Ella regresa y se sienta a mi lado en silencio. El vestido ya fue cambiado por algo más simple. Manipula el celular nuevo con cuidado, como si todavía estuviera probando los límites de aquel territorio que ahora es, guste o no, mi mundo.
Finjo que no estoy prestando atención en ella. Abro el notebook, me concentro en informes, números, rutas. Trabajo. Control. Aun así, percibo cuando su movimiento disminuye. Cuando el cuerpo se relaja. Cuando la respiración cambia.
Miro de lado.
Ella se durmió.
Cierro el notebook despacio y apoyo la cabeza en el asiento. Cierro los ojos por algunos momentos y respiro hondo. Un cansancio antiguo pesa en los hombros. No apenas físico. Algo más profundo.

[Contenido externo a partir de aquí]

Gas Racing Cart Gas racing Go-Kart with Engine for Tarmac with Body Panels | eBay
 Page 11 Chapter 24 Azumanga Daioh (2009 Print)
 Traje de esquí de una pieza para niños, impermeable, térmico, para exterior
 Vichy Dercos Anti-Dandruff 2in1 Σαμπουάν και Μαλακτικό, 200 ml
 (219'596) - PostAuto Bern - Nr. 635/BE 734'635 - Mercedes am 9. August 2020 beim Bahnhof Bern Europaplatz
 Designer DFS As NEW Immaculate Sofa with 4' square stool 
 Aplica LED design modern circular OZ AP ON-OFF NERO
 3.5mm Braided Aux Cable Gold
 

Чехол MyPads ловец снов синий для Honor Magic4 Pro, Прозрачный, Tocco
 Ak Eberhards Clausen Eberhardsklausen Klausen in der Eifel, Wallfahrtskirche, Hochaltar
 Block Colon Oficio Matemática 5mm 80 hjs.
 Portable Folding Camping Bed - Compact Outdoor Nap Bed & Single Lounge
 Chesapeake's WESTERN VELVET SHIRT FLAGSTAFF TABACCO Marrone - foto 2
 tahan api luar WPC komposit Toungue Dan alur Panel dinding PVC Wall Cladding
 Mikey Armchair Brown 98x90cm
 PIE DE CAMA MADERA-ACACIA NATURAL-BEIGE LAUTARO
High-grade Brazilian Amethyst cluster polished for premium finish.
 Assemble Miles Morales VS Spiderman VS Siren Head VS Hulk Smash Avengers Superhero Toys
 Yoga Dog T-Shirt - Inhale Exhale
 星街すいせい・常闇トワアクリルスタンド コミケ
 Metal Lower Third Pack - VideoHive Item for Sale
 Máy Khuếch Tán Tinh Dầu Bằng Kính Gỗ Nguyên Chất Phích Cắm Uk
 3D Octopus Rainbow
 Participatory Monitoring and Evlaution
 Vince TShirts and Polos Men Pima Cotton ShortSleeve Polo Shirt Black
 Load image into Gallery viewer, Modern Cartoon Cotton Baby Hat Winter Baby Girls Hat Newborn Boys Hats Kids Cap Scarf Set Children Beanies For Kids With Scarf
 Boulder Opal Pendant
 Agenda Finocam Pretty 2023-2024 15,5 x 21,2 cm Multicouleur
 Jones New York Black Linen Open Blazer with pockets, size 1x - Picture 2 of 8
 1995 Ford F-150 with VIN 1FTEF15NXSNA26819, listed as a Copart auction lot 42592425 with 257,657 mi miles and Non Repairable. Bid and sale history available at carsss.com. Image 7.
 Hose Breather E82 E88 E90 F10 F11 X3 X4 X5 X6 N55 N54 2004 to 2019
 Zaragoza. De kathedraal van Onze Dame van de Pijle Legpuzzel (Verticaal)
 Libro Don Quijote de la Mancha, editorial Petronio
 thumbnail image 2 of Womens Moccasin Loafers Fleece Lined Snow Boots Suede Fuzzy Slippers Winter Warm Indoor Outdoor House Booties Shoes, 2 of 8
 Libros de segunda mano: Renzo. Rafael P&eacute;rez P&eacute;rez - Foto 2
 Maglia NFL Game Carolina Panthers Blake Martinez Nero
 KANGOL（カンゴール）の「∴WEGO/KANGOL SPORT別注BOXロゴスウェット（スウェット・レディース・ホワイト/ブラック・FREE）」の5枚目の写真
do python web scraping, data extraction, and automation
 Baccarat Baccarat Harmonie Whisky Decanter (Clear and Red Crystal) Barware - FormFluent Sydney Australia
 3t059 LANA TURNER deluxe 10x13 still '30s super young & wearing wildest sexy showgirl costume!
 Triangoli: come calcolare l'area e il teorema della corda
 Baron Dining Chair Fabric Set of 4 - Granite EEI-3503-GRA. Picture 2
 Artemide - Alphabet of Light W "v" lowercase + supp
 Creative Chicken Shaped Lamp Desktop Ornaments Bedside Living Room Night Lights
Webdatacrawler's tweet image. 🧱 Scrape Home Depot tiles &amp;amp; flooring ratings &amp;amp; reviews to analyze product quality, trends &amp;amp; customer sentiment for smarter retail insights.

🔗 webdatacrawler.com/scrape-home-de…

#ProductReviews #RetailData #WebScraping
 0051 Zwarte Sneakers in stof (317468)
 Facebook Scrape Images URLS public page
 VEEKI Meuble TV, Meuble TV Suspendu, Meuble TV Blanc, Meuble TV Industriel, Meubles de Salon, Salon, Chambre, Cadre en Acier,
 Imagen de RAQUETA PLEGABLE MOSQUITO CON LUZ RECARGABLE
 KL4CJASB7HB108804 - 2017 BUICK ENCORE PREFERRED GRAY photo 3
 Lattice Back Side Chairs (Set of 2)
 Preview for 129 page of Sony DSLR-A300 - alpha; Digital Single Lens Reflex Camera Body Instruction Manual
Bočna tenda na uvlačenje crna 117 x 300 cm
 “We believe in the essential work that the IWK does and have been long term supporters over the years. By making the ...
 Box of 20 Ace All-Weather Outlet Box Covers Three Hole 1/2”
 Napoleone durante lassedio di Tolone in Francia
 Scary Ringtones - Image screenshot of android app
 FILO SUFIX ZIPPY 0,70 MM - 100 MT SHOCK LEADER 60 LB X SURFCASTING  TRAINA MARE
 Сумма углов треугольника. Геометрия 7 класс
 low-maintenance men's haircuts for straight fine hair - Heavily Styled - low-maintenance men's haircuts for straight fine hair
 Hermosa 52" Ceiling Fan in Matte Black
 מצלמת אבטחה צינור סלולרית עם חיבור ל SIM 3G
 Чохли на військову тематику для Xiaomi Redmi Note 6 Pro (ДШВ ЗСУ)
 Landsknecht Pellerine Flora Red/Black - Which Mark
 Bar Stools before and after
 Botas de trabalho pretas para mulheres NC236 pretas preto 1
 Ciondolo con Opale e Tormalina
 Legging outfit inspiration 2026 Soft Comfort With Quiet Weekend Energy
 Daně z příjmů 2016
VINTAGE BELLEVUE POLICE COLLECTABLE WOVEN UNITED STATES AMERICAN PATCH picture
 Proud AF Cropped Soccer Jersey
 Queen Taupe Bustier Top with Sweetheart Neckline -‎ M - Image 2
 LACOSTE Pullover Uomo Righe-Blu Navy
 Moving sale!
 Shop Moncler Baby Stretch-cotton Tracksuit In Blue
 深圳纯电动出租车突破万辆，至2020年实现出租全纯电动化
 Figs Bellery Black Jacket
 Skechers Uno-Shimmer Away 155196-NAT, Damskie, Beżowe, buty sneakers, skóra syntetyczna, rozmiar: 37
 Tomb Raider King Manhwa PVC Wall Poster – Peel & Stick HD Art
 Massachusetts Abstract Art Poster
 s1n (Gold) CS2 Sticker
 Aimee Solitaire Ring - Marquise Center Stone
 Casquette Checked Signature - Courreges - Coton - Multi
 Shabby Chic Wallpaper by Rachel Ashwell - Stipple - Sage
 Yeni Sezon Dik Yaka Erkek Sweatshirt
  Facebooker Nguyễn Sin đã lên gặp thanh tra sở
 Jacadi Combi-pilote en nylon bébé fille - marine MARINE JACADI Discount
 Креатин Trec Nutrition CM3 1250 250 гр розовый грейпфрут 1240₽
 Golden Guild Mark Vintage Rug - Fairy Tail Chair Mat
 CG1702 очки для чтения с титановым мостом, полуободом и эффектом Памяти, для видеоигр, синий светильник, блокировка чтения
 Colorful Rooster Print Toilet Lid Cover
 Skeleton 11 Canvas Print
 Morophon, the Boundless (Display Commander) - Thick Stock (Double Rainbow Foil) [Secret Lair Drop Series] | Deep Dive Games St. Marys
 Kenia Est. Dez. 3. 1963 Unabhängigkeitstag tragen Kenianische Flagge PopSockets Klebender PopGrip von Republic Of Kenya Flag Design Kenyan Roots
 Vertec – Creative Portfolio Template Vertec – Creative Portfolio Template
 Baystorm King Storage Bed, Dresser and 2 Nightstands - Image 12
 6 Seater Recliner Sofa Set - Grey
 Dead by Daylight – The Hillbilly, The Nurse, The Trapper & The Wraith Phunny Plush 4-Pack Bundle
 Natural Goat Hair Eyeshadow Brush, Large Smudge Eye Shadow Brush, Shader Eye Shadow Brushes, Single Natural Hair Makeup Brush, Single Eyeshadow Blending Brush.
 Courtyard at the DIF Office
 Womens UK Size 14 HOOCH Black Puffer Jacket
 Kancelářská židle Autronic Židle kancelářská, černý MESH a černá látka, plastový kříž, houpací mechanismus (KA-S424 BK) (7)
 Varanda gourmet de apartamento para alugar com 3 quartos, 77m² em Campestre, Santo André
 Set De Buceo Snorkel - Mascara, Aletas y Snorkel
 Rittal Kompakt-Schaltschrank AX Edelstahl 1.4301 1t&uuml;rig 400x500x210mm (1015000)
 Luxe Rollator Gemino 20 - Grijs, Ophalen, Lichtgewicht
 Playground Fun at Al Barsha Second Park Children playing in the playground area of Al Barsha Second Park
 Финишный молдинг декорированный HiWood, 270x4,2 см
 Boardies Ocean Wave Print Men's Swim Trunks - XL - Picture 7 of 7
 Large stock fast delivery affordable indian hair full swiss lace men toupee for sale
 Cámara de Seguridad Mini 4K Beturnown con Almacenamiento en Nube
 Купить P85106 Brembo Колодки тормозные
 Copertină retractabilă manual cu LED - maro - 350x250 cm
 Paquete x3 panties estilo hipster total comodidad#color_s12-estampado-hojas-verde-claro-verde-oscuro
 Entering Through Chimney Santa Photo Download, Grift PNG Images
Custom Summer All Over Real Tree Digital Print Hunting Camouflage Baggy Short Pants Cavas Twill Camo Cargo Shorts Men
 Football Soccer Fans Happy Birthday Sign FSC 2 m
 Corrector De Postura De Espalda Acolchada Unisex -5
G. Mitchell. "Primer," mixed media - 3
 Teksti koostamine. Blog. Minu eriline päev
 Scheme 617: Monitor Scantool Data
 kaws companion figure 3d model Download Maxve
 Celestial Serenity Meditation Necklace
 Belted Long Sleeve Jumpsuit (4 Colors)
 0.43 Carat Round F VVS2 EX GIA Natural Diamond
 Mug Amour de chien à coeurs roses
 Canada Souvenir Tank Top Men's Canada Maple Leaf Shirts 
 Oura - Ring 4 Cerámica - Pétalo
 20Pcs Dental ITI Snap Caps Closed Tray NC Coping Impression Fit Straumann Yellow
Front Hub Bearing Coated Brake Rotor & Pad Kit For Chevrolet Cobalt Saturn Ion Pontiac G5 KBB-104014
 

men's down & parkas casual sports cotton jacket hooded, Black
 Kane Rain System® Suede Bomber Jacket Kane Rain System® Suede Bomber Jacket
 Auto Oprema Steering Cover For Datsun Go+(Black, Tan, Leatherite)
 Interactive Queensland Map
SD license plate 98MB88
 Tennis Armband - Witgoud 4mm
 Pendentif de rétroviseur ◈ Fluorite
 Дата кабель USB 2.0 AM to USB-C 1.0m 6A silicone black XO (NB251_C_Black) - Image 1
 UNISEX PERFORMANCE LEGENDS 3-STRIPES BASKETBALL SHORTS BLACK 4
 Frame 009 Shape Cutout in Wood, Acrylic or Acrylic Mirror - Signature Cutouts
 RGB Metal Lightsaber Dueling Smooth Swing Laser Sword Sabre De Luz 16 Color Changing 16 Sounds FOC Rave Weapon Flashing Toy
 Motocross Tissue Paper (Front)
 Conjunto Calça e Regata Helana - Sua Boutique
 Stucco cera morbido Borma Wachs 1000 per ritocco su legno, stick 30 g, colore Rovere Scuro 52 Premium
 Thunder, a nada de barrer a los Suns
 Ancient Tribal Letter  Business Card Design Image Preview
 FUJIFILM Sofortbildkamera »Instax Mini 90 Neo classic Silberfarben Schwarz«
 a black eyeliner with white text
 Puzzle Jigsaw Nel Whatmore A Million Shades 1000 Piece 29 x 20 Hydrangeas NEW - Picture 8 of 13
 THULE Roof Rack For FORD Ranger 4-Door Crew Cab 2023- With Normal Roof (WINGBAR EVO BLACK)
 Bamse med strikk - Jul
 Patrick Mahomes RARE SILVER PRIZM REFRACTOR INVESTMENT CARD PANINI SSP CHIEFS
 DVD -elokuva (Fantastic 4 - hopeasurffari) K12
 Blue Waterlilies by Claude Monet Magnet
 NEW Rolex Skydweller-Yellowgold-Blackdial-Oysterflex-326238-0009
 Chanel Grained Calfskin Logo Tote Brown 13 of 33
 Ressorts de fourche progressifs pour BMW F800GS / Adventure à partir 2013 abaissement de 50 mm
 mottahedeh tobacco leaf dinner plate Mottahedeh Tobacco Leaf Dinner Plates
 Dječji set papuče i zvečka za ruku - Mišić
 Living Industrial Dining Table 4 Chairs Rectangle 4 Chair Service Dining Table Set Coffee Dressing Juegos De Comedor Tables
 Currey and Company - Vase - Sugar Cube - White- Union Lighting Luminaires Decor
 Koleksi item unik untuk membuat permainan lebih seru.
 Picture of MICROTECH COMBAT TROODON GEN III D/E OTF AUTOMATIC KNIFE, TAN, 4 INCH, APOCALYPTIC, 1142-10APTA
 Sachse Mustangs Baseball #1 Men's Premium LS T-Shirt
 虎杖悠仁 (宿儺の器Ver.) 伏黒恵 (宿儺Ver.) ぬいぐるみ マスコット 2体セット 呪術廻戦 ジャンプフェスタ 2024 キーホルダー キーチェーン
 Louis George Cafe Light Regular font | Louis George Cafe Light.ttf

Acabo quedándome dormido también.
Despierto poco antes del aterrizaje. El aviso resuena en la cabina. Miro hacia un lado. Helena continúa durmiendo, ajena a todo. Ni siquiera el impacto suave del aterrizaje la despierta.
— Impresionante — Dmitry comenta, riendo.
— Da incluso para huir en medio de la noche que ella no se dará cuenta.
Le lanzo una mirada que lo hace callar en el acto.
Llamo a Helena por su nombre. — Helena.
Nada.
Le doy un toque leve en el brazo. Solo entonces ella despierta, confusa, parpadeando algunas veces antes de mirarme.
— Llegamos — digo apenas.
Ella asiente despacio, todavía medio perdida, como si estuviera despertando no solo del sueño… sino de la vida que tenía antes de mí.